During an immune response, T cells flood the affected area to help the body fend off pathogens. The investigators found that dietary methionine fuels this process by helping to reprogram T cells to respond to the threat by more quickly replicating and differentiating into specialized subtypes.
However, of these reprogrammed T cells cause inflammation. This inflammation is a normal part of an immune response but could cause damage if it lingers, such as the nerve damage that occurs in MS. According to the study authors, restricting methionine in the diet removes the fuel for this overactive inflammatory response without compromising the rest of the immune system.
Autoimmune disorders occur when the immune system mistakenly attacks and destroys healthy tissue. In MS, the myelin sheath that protects nerve cells in the brain and spinal cord is targeted by the immune system. The damage impedes messages traveling to and from the brain, resulting in progressively worsening adverse events such as numbness, muscle weakness, coordination and balance problems, and cognitive decline.
“What causes [MS] is still not completely understood.

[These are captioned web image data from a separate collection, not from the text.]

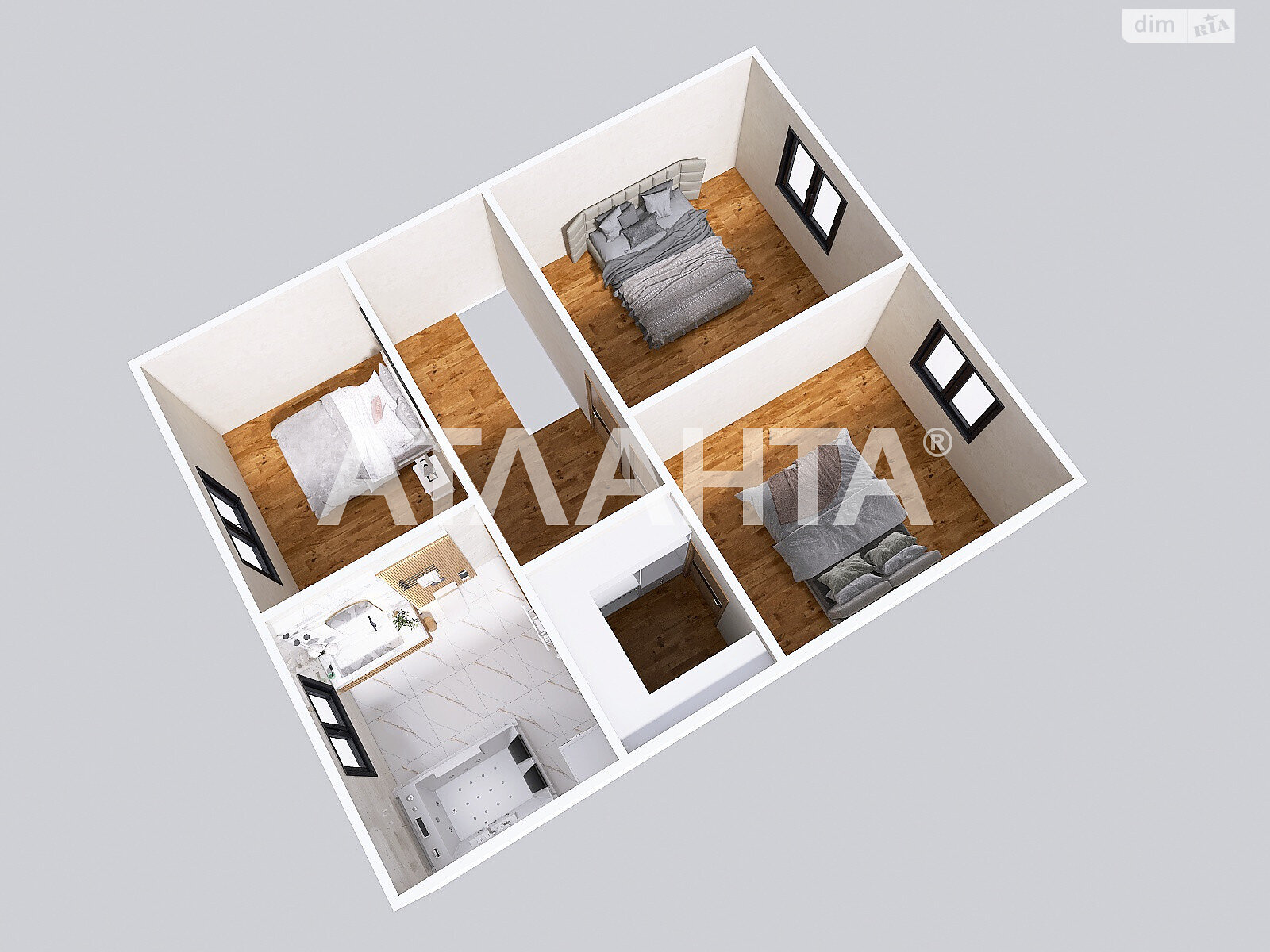 двоповерховий будинок бесідка, 159.7 кв. м, кирпич. Продаж у Солонці фото 1 двоповерховий будинок бесідка, 159.7 кв. м, кирпич. Продаж у Солонці фото 1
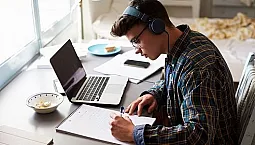 10 meilleurs ordinateurs portables pour le prix et la qualité en 2021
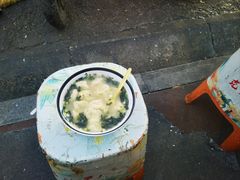 -丽华早点(大成路店)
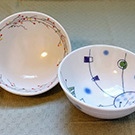 20220530-TEZUKURI4ninten 05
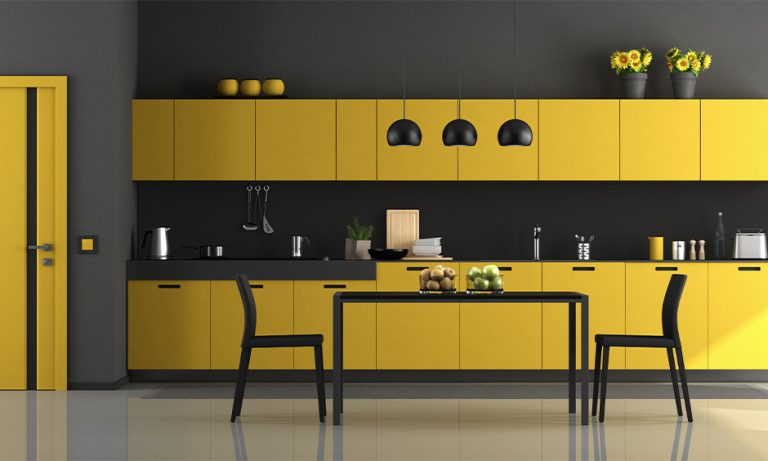 modularkitchen2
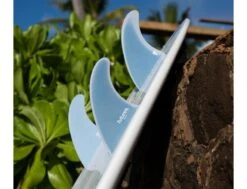 Twiggy Step Up Fiberglass - Royal Blue - Combo - L -F-One Soldes Boutique twiggy step up fiberglass royal blue combo l futures 3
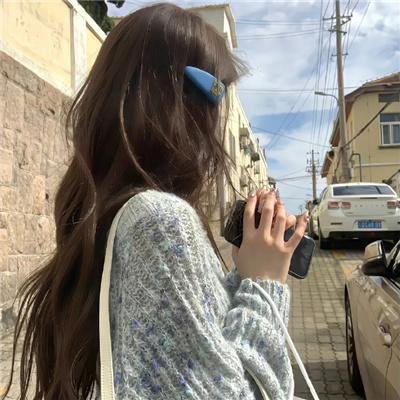 奔跑的修女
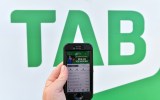 Tabcorp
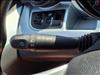 2014 Chevrolet Spark 1LT CVT - thumbnail 15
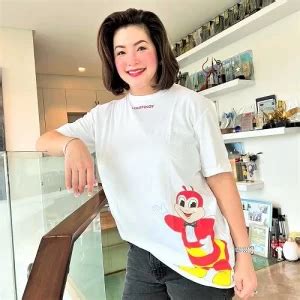 Regine Velasquez Height, Age, Biography, Husband & Net Worth - What Insider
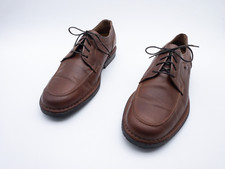 Joe Sanchez Scarpe Da Uomo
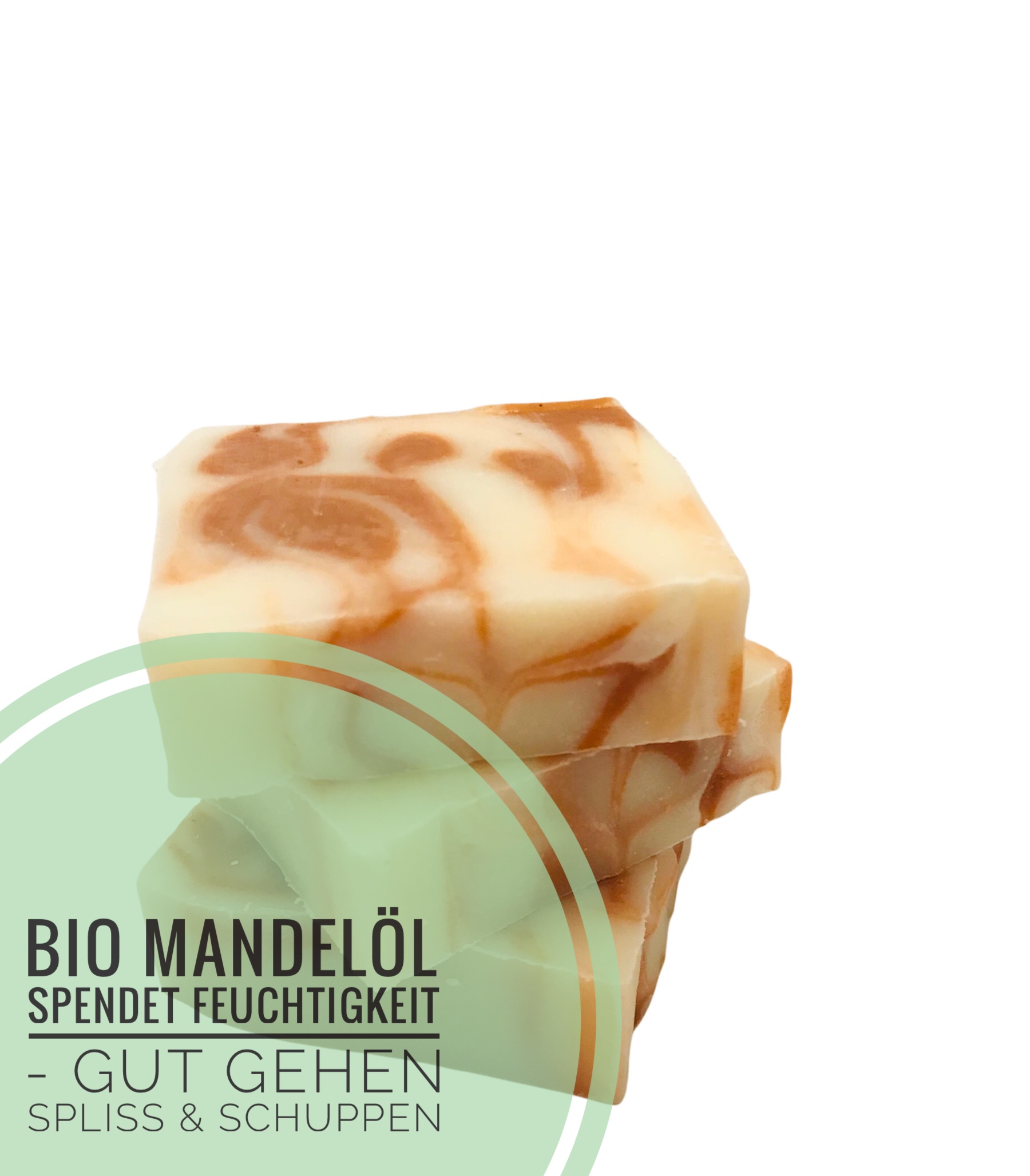 naturseife gegen akne naturseife mit rosenduft naturseife selber machen seife machen mit kindern haarseife für mehr Glanz haarseife für volumen bio mandelöl seife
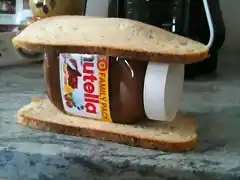 bocadillo-bote-nutella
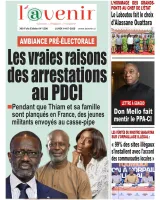 la-une-du-journal-du-lundi-14-juillet-2025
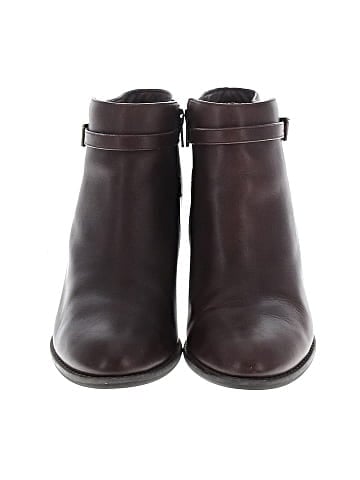 Vionic Ankle Boots (view 2)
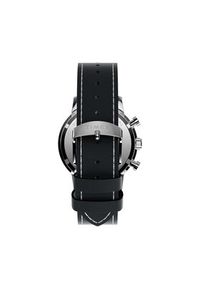 Timex Zegarek Marlin® Chronograph TW2W98900 Srebrny. Kolor: srebrny #6
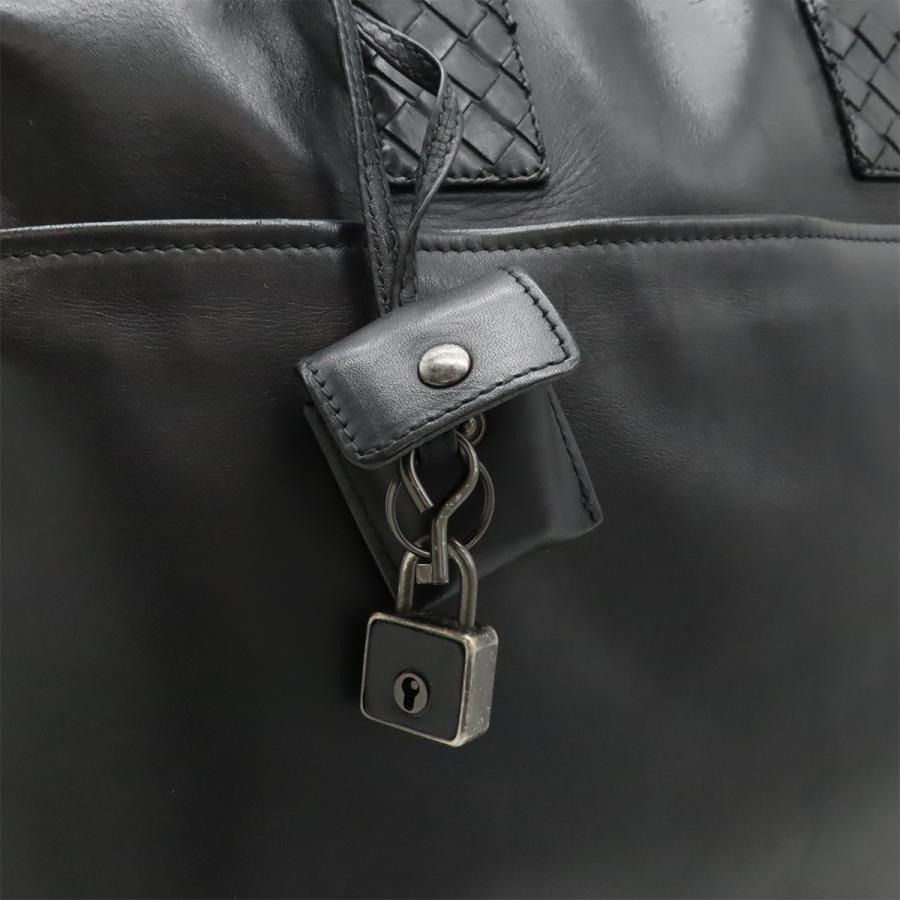 BOTTEGA VENETA（ボッテガ・ヴェネタ） ボッテガ ヴェネタ ボッテガ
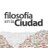 filosofiaciudad's profile image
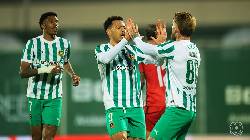 Nhận định, soi k&egrave;o Rio Ave vs Boavista, 02h15 ng&agrave;y 8/4:  Kh&aacute;ch lại trắng tay
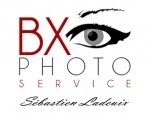 BORDEAUX PHOTO SERVICE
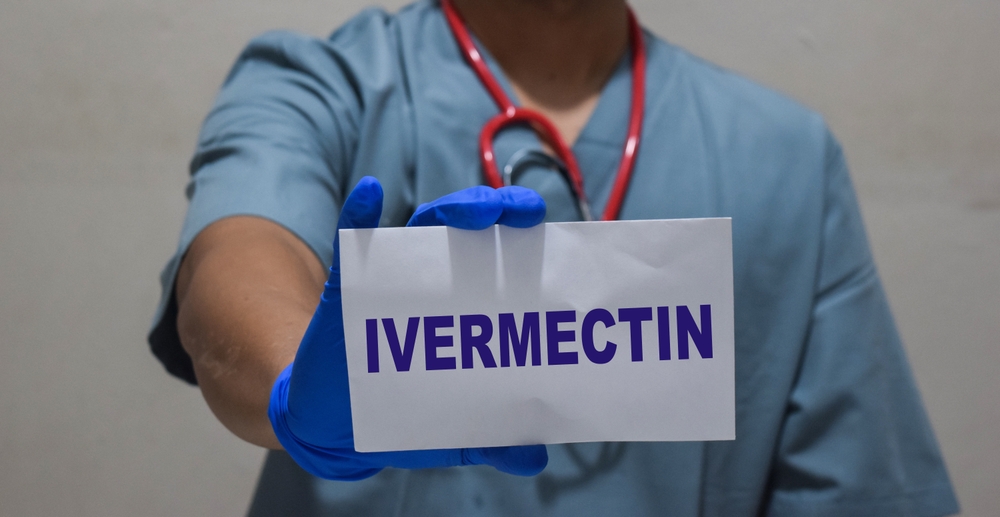 Commissioner Sid Miller Urges FDA to Approve Feed-Based Ivermectin to Combat New World Screwworm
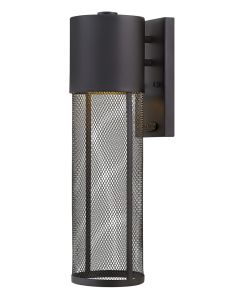 Medium Wall Mount Lantern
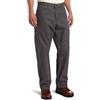 Dickies Relaxed Fit Sanded Duck Carpenter Jean Jeans, Grigio Ardesia, W38 / L34 Uomo
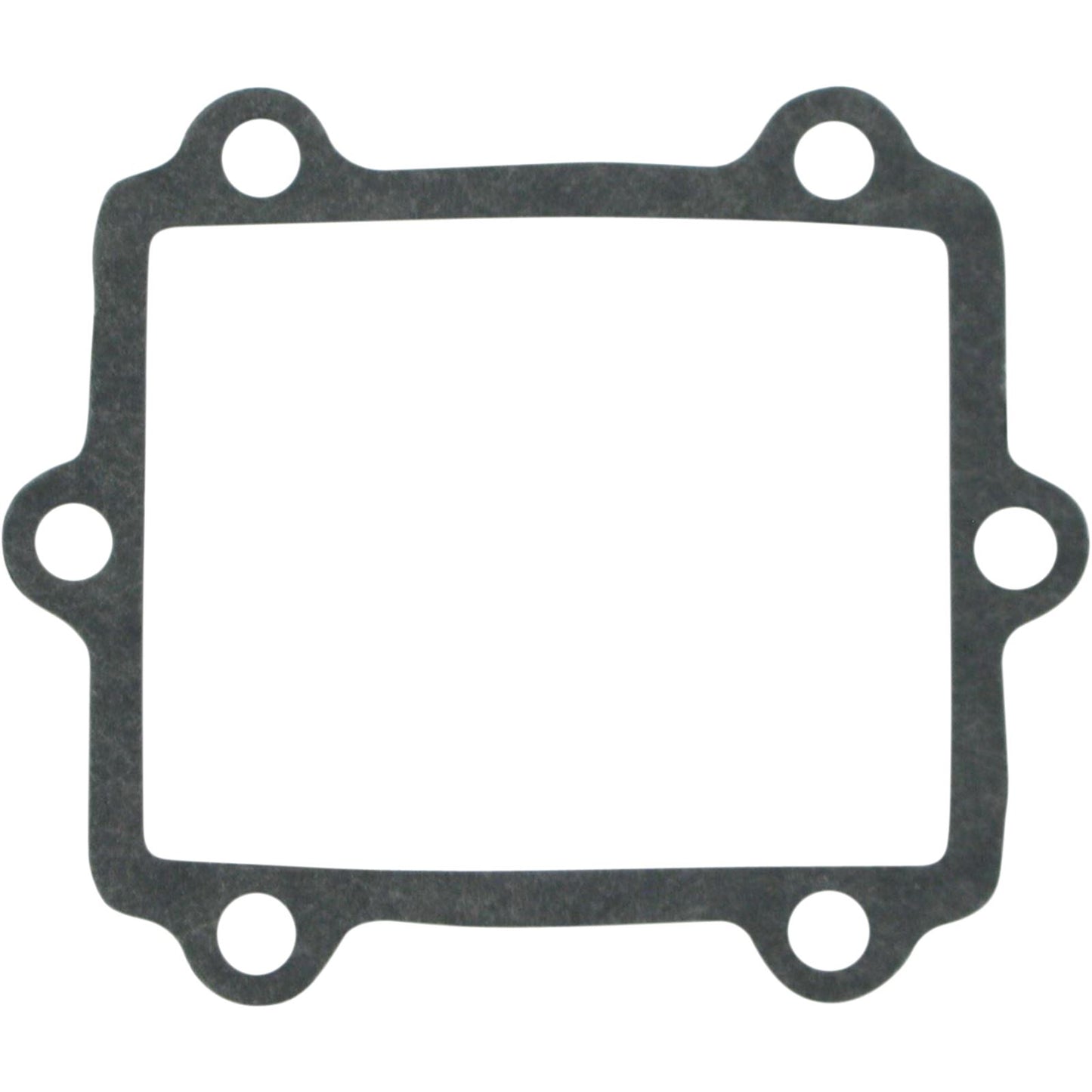 Vertex Reed Gasket 615118_493564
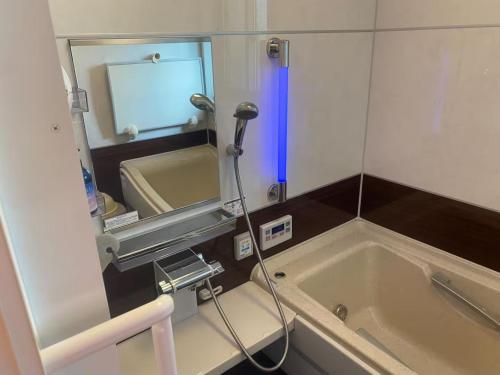 CocoKaidakogen - Vacation STAY 54032v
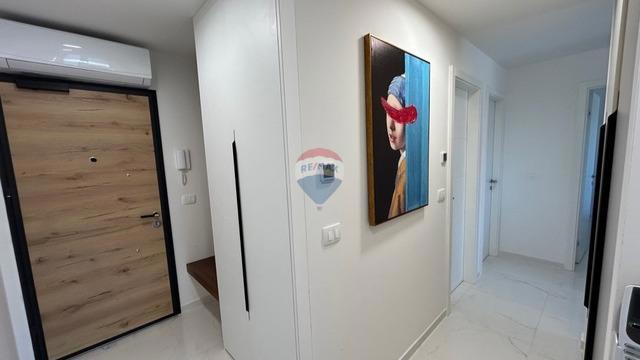 Flat For sale - ISTARSKA NOVIGRAD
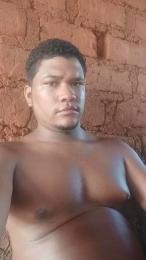 Pauveiudo777 webcam cam4 model stream image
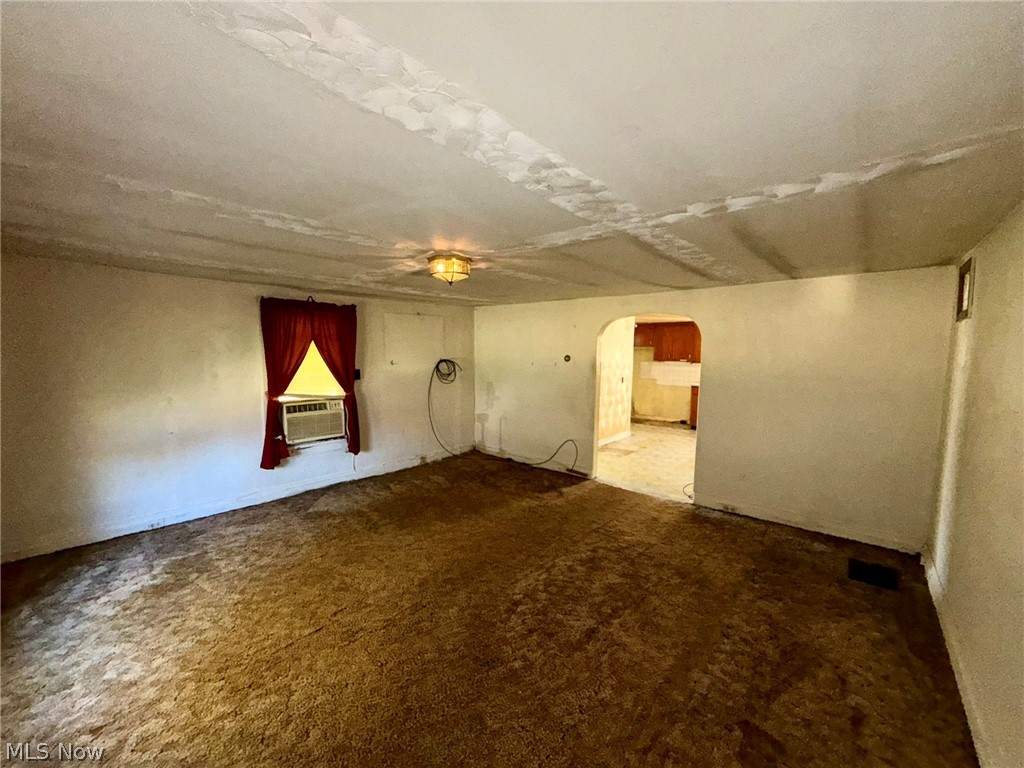 220 S Nelson Avenue Lisbon OH 44432
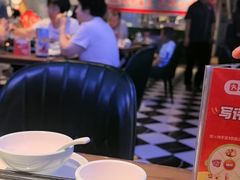 -俭寨大盘鸡·新疆菜·烧烤(博乐店)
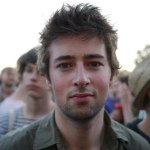 Ken Donald - @kennydonald - Instagram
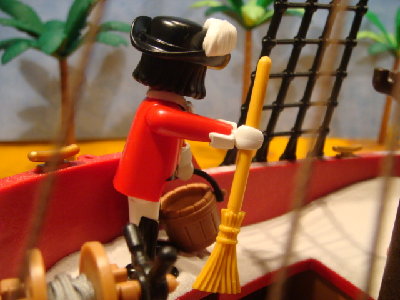 01 031.jpg (121.38 KiB) 1426 mal betrachtet 01 031.jpg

We know that genes related to the immune system are implicated but environmental factors also have a role to play. The fact that metabolic factors like obesity increase the risk of developing [MS] make the idea of dietary intervention to calm down the immune system particularly appealing,” said Catherine Larochelle, MD, PhD, study co-author and a clinician-scientist at the University of Montreal.
Jones cautions that the findings must be verified in humans before dietary guidelines can be developed. The research team also plans to investigate whether new medications can be designed that target methionine metabolism.